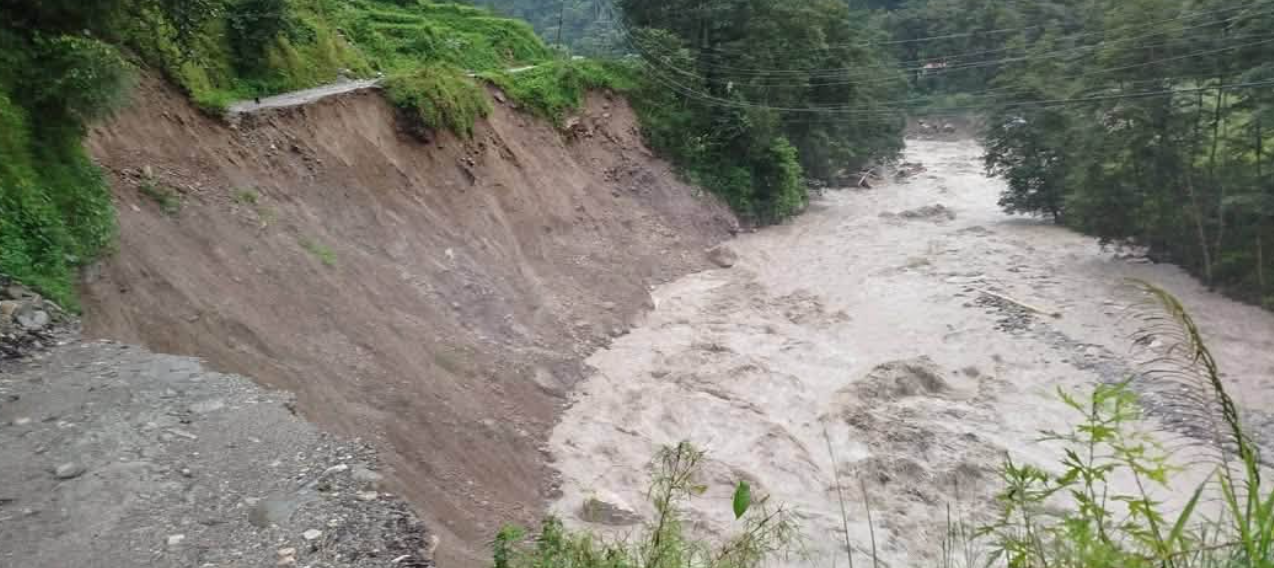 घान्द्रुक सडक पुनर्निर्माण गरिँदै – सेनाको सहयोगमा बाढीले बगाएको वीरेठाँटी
************
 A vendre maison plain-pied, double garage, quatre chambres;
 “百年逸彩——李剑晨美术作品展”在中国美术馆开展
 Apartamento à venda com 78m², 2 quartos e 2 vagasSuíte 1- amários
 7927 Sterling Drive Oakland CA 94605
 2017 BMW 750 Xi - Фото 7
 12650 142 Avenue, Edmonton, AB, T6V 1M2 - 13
************
Return, unchanged, the run of lines above that opens with the line containing "Apartamento à venda" and closes with the line containing "12650 142 Avenue, Edmonton, AB, T6V 1M2 - 13". Include both.

 Apartamento à venda com 78m², 2 quartos e 2 vagasSuíte 1- amários
 7927 Sterling Drive Oakland CA 94605
 2017 BMW 750 Xi - Фото 7
 12650 142 Avenue, Edmonton, AB, T6V 1M2 - 13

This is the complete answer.